Das Fahrdienstunternehmen Uber, das Logistikunternehmen Porter und der Lieferdienst Eternal haben sich Berichten zufolge aus dem Wohlfahrtsrat für Plattform-basierte Gig-Worker in Karnataka zurückgezogen. Dieser Rückzug erfolgt, während die Unternehmen die neue Gesetzgebung des Bundesstaates für Gig-Worker rechtlich anfechten.

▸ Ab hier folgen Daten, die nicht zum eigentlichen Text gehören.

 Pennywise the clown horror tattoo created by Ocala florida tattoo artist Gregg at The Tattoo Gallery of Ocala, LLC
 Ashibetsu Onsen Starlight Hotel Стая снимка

Die Unternehmen waren Mitglieder des Wohlfahrtsrates, der gemäß dem Karnataka Platform-Based Gig Workers (Social Security and Welfare) Act, 2025, eingerichtet wurde. Sie erklärten, dass ihre Entscheidung, die Organisation zu verlassen, aus ihrem rechtlichen Widerstand gegen das Gesetz selbst resultiert, da sie kein Teil einer gesetzlichen Körperschaft sein möchten, die unter einer von ihnen angefochtenen Gesetzgebung geschaffen wurde.
Obwohl das Karnataka High Court die Aussetzung des Gesetzes abgelehnt hat, hat es einen vorläufigen Schutz vor Zwangsmassnahmen für Unternehmen gewährt, die an der Rechtsstreitigkeit beteiligt sind, darunter Eternal, Swiggy, Zepto und Urban Company. Uber reichte ebenfalls letzten Monat seine Anfechtung ein, und das Gericht hat dem Unternehmen einen ähnlichen vorläufigen Schutz gewährt.

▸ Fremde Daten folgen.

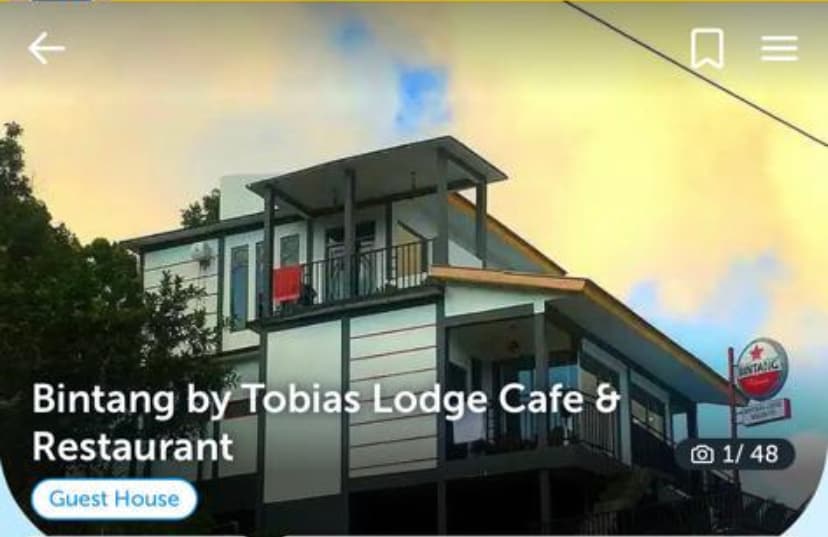The exterior of Bintang by Tobias Lodge Cafe & Restaurant is displayed, featuring a modern three-story building. Large glass windows and balconies provide views of the surroundings. A sign with the lodge's name is visible, alongside greenery that adds to the natural ambiance.
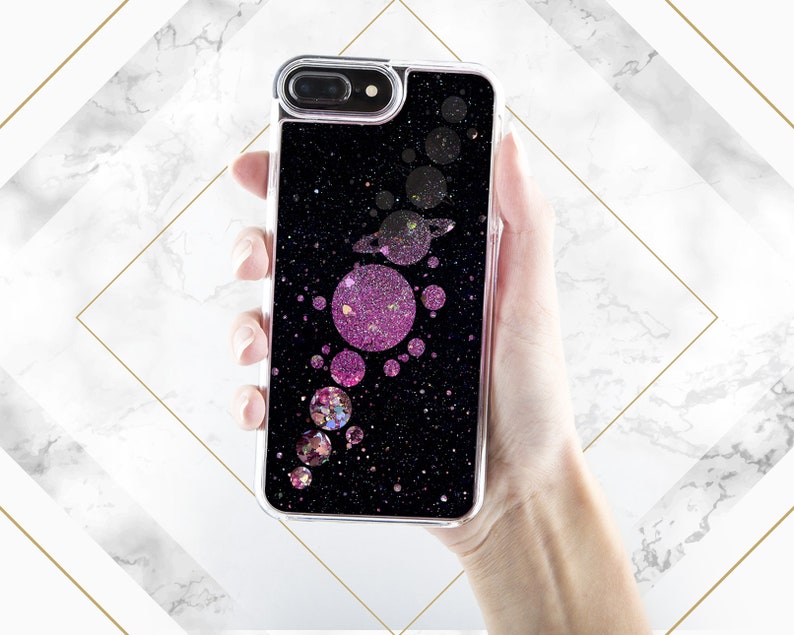 May include: A black phone case with a glittery design featuring pink and gold circles and a galaxy-like background.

Amazon India, das ebenfalls im Rat vertreten ist, ist Mitglied geblieben, da es nicht an den aktuellen Rechtsstreitigkeiten beteiligt ist. Die Regierung von Karnataka arbeitet nun daran, die freien Stellen zu besetzen, wobei Delhivery, Namma Yatri und Yulu zugestimmt haben, dem Rat beizutreten. Der Kern der rechtlichen Anfechtung ist, dass das Gesetz des Bundesstaates einen separaten Sozialversicherungsrahmen schafft, der potenziell mit bestehenden zentralen Regierungsbestimmungen überschneidet und zusätzliche Kosten und Compliance-Aufwand für die Plattformen verursacht.